__TASK PROMPT__. Please give back the listing below word for word and drop any images.

__THE DATA__.
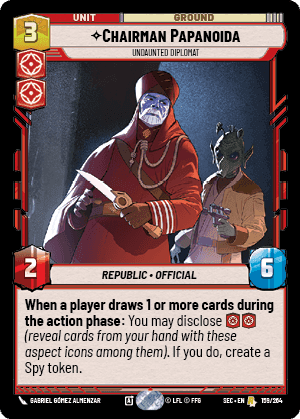 Chairman Papanoida - Undaunted Diplomat (SEC) Rare Fantasy Flight Games Standard Non-Foil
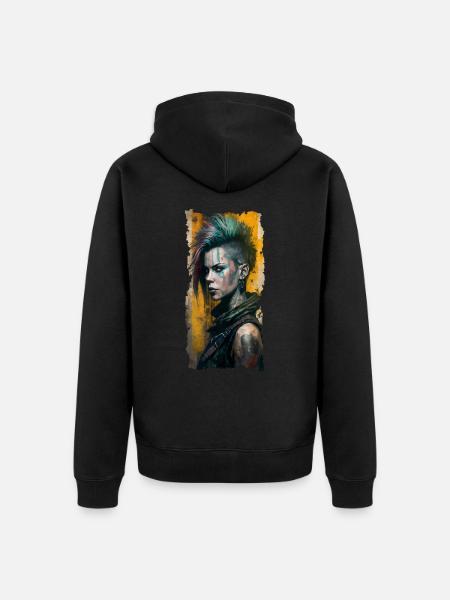 Tatuaż Punk Rock Dziewczyna Punkrock - Ekologiczna rozpinana bluza z kapturem Premium unisex - czarny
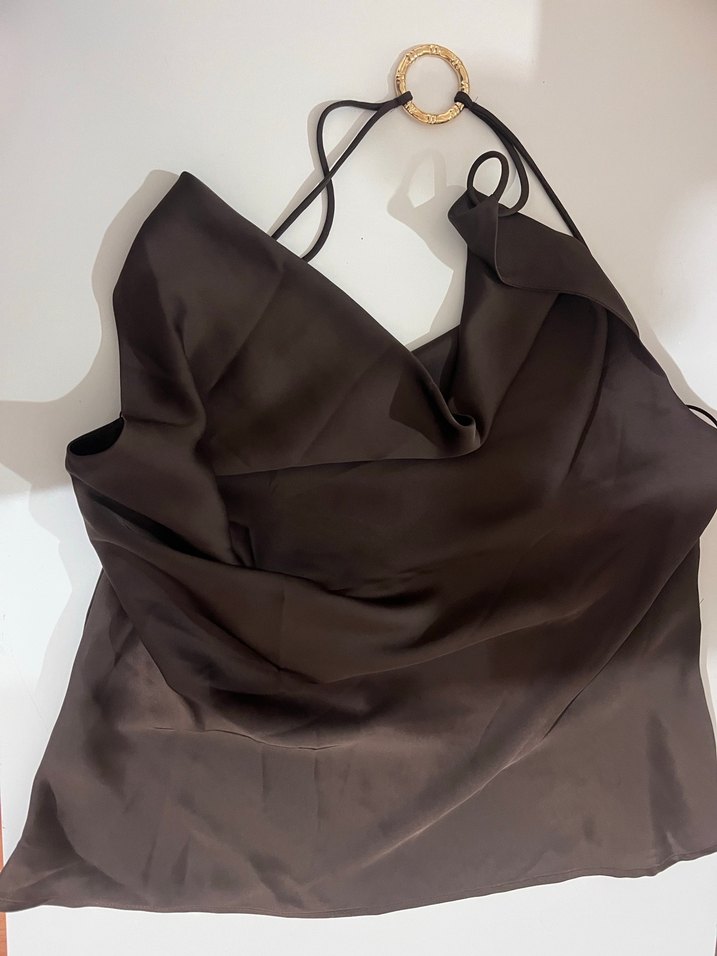 Kahverengi Drapeli Kadın Wrap - Görsel 3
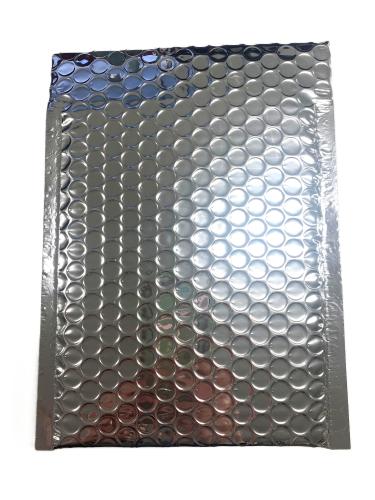 180 x 140mm Silver Metallic Gloss Bubble Bag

__EXPECTED OUTPUT__.
 Chairman Papanoida - Undaunted Diplomat (SEC) Rare Fantasy Flight Games Standard Non-Foil
 Tatuaż Punk Rock Dziewczyna Punkrock - Ekologiczna rozpinana bluza z kapturem Premium unisex - czarny
 Kahverengi Drapeli Kadın Wrap - Görsel 3
 180 x 140mm Silver Metallic Gloss Bubble Bag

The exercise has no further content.